En franchissant en 1947 le mur du son (Mach 1, environ 1.100 km/heure) pour la première fois dans l'histoire de l'humanité, Chuck Yeager, décédé lundi à l'âge de 97 ans, inscrivit son nom parmi les grands pionniers de l'aviation.

Devenu une figure populaire dans l'Amérique d'après-guerre, il continuera sa carrière comme pilote d'essais au sein de l'Air Force.

"Dépasse Mach 1 le plus vite possible, ne te fais pas sauter le caisson et ne colle pas la honte à l'armée de l'Air": telles sont les consignes reçues par le pilote ce 14 octobre 1947, racontées 60 ans plus tard dans un entretien à l'AFP.

"Quand j'ai senti l'onde de choc, j'ai su que c'était gagné.
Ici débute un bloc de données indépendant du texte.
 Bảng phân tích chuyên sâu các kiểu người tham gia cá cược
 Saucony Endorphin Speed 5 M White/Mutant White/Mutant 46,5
Heureux, j'étais dans un autre monde, de l'autre côté du mur", se rappelle-t-il en 1983 dans un entretien accordé au journal Libération.

Né le 13 février 1923 dans le village de Myra en Virginie-Occidentale, Charles "Chuck" Yeager s'engage en 1941 dans l'US Army, apprend à piloter en 1942 avant d'être basé l'année suivante en Angleterre.

Au lendemain de sa première victoire face à un chasseur allemand en 1944, son P-51 Mustang est abattu au-dessus du Lot-et-Garonne en France. Il parvient à rejoindre la Résistance et traverse les Pyrénées avant de retourner en Angleterre.

En tout, Chuck Yeager effectuera 64 missions au-dessus de l'Europe et engrangera 13 victoires, devenant ainsi un "as" de l'armée américaine.

Le 14 octobre 1947, largué d'un bombardier B-29, il effectue à 14.000 mètres d'altitude un piqué au-dessus du désert californien du Mojave à bord du X-1, petit avion fusée orange construit par la défunte firme Bell Aircraft : il a franchi le mur du son. Personnalité déjà charismatique, au sourire généreux, il n'a que 24 ans.

Pourtant deux jours plus tôt, Chuck Yeager s'était cassé deux côtes à la suite d'une chute de cheval. Il ne dit rien à sa hiérarchie mais souffre le martyre avant le vol.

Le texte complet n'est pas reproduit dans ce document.